The Technical Centre for Agricultural and Rural Cooperation (CTA) shut down its activities in December 2020 at the end of its mandate. The administrative closure of the Centre was completed in November 2021.

Digital acceleration of agricultural transformation

Opinion: The future food system

 

Agricultural transformation is key to poverty reduction and improved livelihoods in the rural space. Over the past decades, poverty rates in rural areas have declined significantly, with much of that coming from a narrowing of the rural-urban income gap. Timmer notes that the transition out of poverty has been through agricultural productivity, with higher efficiency providing food, labour, and savings to support the process of urbanisation and industrialisation. However, it’s too early to declare total success, with 78% of the world’s poor people living in rural areas and relying on agriculture for their livelihood.

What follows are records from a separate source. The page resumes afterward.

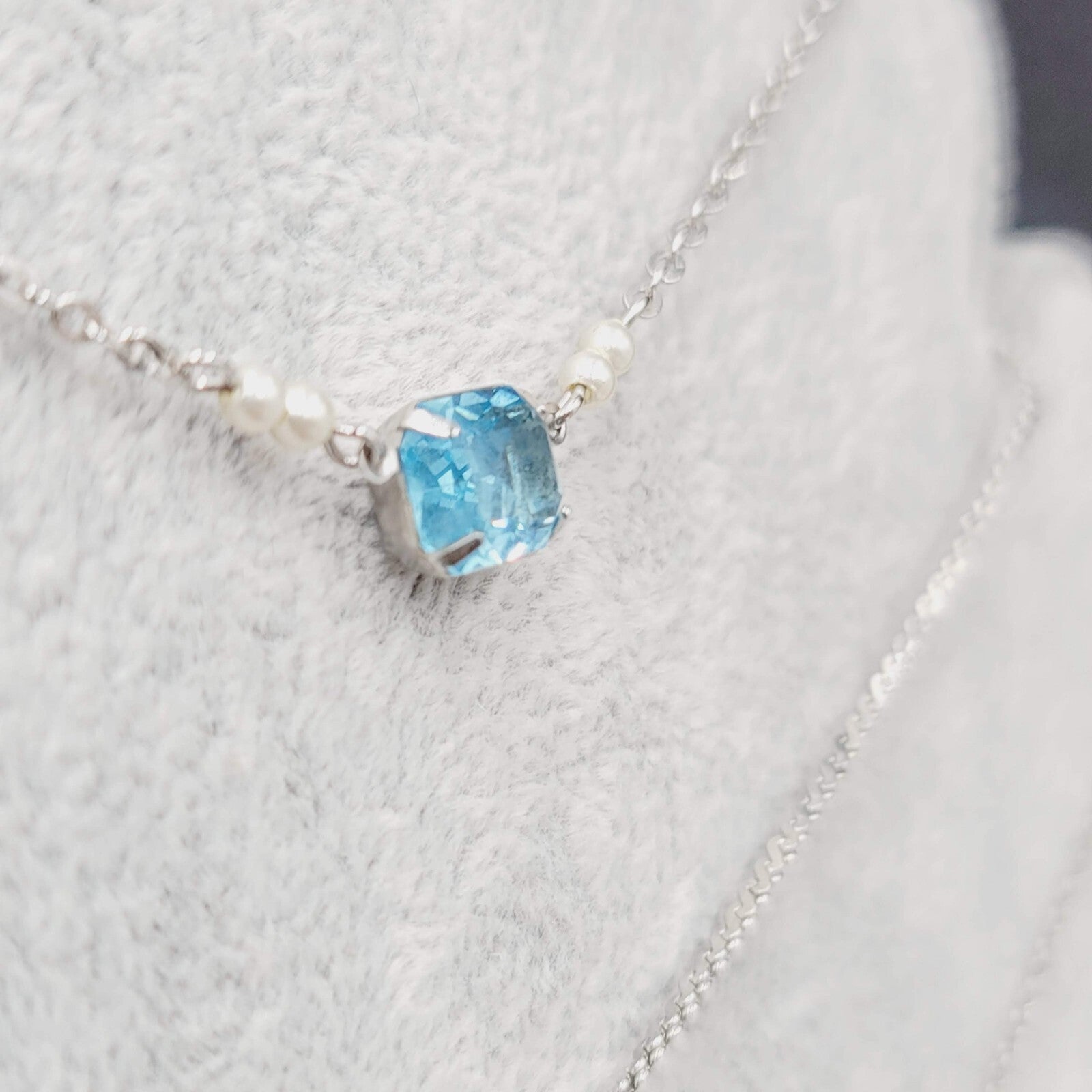 Lot of 4 Necklaces Silver tone HOPE HEART Blue Rhinestone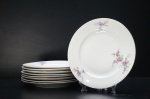 MZ Czechoslovakia (1922-1945) -  Nove(9), Pratos rasos confeccionados em porcelana tcheca, fundo branco. Adornada com ramos de flores e folhagens em rica policromia. Borda e motivos filetados à ouro folha. Marca da Manufatura no fundo. Diâm. 25 cm.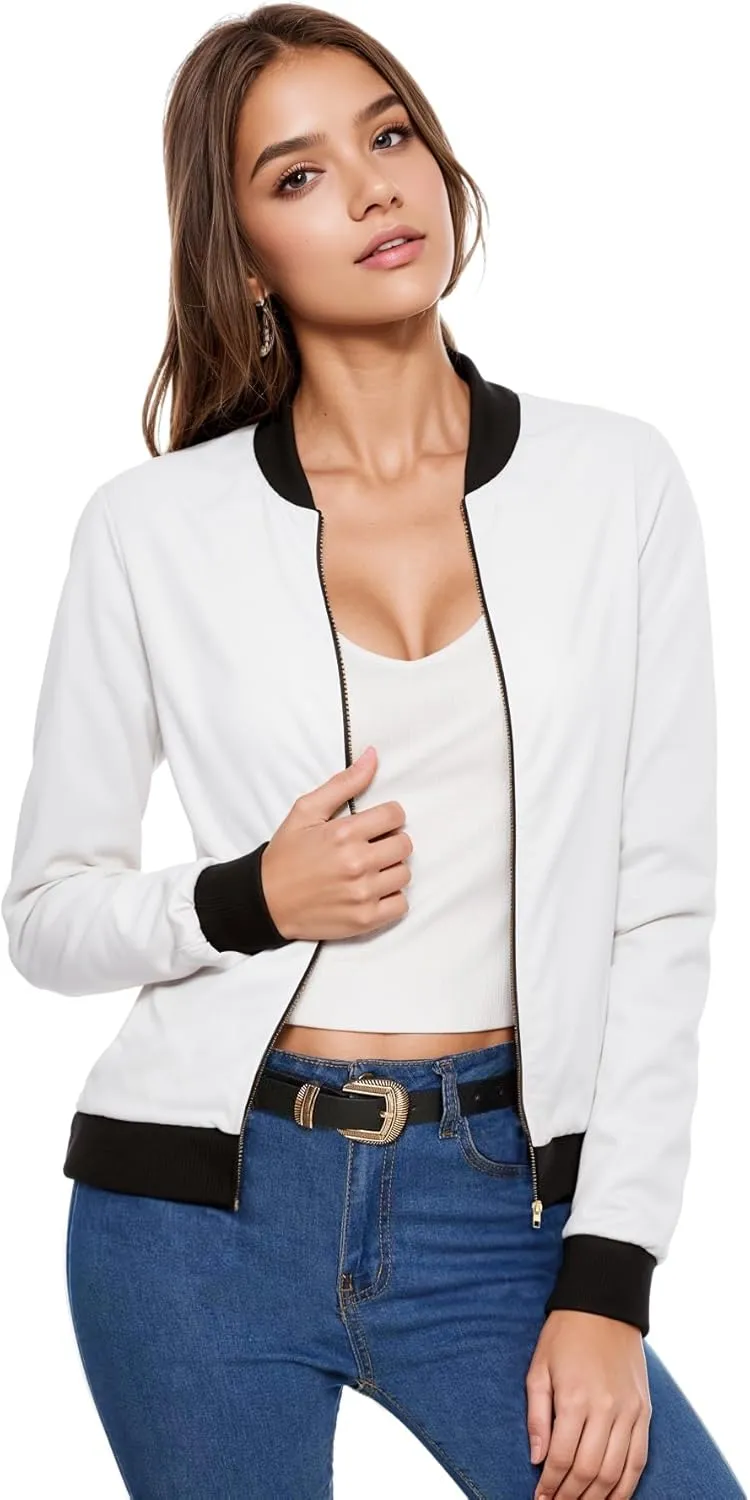 Hybrid & Company Women's Fashion Color Casual Office Comfy Zip Up Bomber Jacket Made in USA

Technology has long been recognised as a key driver of the increased on-farm productivity associated with agricultural transformation, and digital technologies are no exception. The potential gains in productivity associated with new, low-cost, data-intensive digital technology applications are enormous as they disrupt the level and allocation of physical capital, labour, and natural capital. And the possibilities are endless – from self-driving tractors to subcutaneous implants that monitor livestock health. Estimates suggest that, in the next 2-3 years, digital technologies in agriculture will have a sizeable market coverage around the world. Berger’s projections also show that the global market for precision farming technologies will double in 2020 compared with 2014 (from about US$ 2.5 billion in 2014 to above US$ 5 billion in 2020).

However, the more important disruption to agricultural transformation will come from the impact of digital technology on the upstream, midstream, and downstream markets associated with farming. The global food system is complex, involving many actors who exchange vast amounts of information. Worldwide, 570 million farms produce the food for 7.6 billion consumers. The system is further complicated by roughly 100,000 upstream businesses supplying farmers with inputs, and the millions of downstream agribusinesses moving, processing, and selling their outputs. Imperfect competition, information asymmetries, externalities, and high transaction costs all take a significant bite out of producer and consumer surplus. The power of digital technologies is the nearly costless matching of producers and consumers, which ultimately has the potential to sharply reduce market failures and profoundly reshape value chains.

While digital technologies will have profound positive effects on efficiency and productivity on and off the farm, the impact on equity and environment are not as clear-cut and require a more in-depth assessment. Digital agriculture technologies may affect income distribution, labour skill requirements, and environmental sustainability and these effects may be uneven across demographics and locations. More evidence on the impacts of digital agriculture is therefore required. For example, will agriculture create new jobs, or will it be the next victim of jobs destruction due to automation and reduced need of middlemen services along the value chain? Will precision technologies lead to the sound use of natural resources or will they instead accelerate their depletion? Will data generated by food producers and consumers be used to improve the sharing of economic benefits or will information be captured by just a few powerful players?

The public sector has a role to play in identifying public goods, policies, and investments to ensure the efficient, equitable and environmentally sustainable distribution of digital dividends of agricultural transformation. The policy interventions need to take place on both the supply and demand side. With large variations in markets and capabilities across countries and regions within countries, there remain significant challenges related to the supply of digital agricultural technologies. On the demand side, public policies are needed to create and increase demand for digital technologies and services that can improve development outcomes. In addition, the growing complexity of digital ecosystems that underpin the digitisation of food systems, as well as an exponential increase in the volumes and speed with which data is collected and analysed, create challenges for designing appropriate policy and regulatory systems. For example, the development of big data, internet-of-things and cloud data storage systems necessitates redefining what constitutes data privacy and exploring novel approaches to strengthening data security. As the volume and economic value of data in food systems continue to increase, policy and regulatory issues related to data ownership and data use rights gain in importance. There is also a question on the role of the public sector in generating and disseminating data that can both encourage innovation and competition, and at the same time, reduce opportunities for market capture.